A pair of mosaics assembled from dozens of telephoto images shows Mount Sharp in dramatic detail. The component images were taken by the 100-millimeter-focal-length telephoto lens camera mounted on the right side of Curiosity’s remote sensing mast during the 45th martian day of the rover’s mission on Mars — September 20, 2012.
This layered mound, also called Aeolis Mons, in the center of Gale Crater rises more than 3 miles (5 kilometers) above the crater floor location of Curiosity. Lower slopes of Mount Sharp remain a destination for the mission, though the rover will first spend many more weeks around a location called “Yellowknife Bay,” where it has found evidence of a past environment favorable for microbial life.
In the version of the mosaic that has been white-balanced, it shows the terrain as if under Earth-like lighting, which makes the sky look overly blue. White-balanced versions help scientists recognize rock materials based on their terrestrial experience. The martian sky would look like more of a butterscotch color to the human eye.

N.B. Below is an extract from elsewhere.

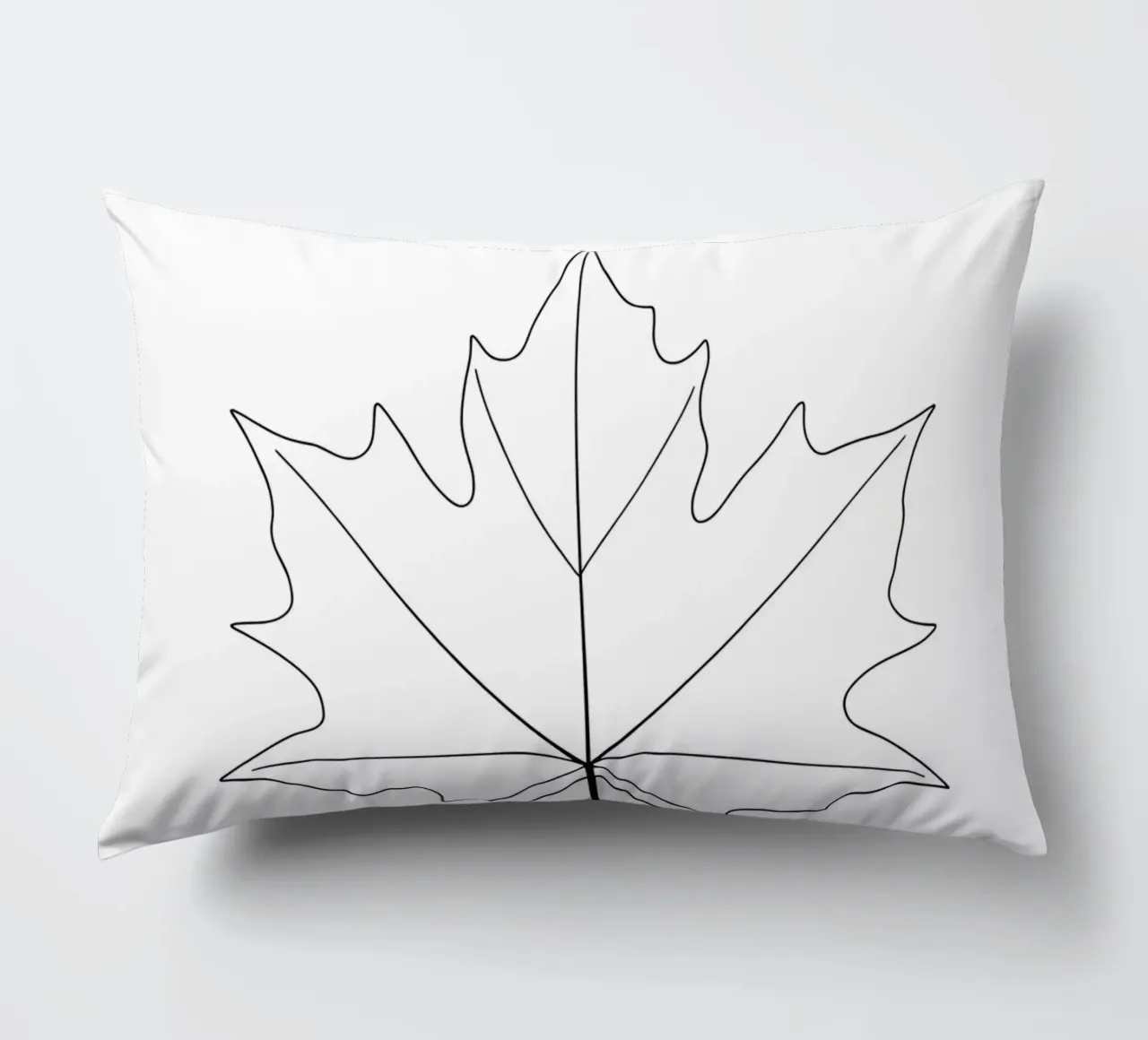 Minimalist Line Drawing of a Maple Leaf | Modern Abstract Ar decorative cushion by Viv Line Art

In both versions, the sky has been filled out by extrapolating color and brightness information from the portions of the sky that were captured in images of the terrain.
NASA’s Mars Science Laboratory project is using Curiosity and the rover’s 10 science instruments to investigate environmental history within Gale Crater, a location where the project has found that conditions were long ago favorable for microbial life.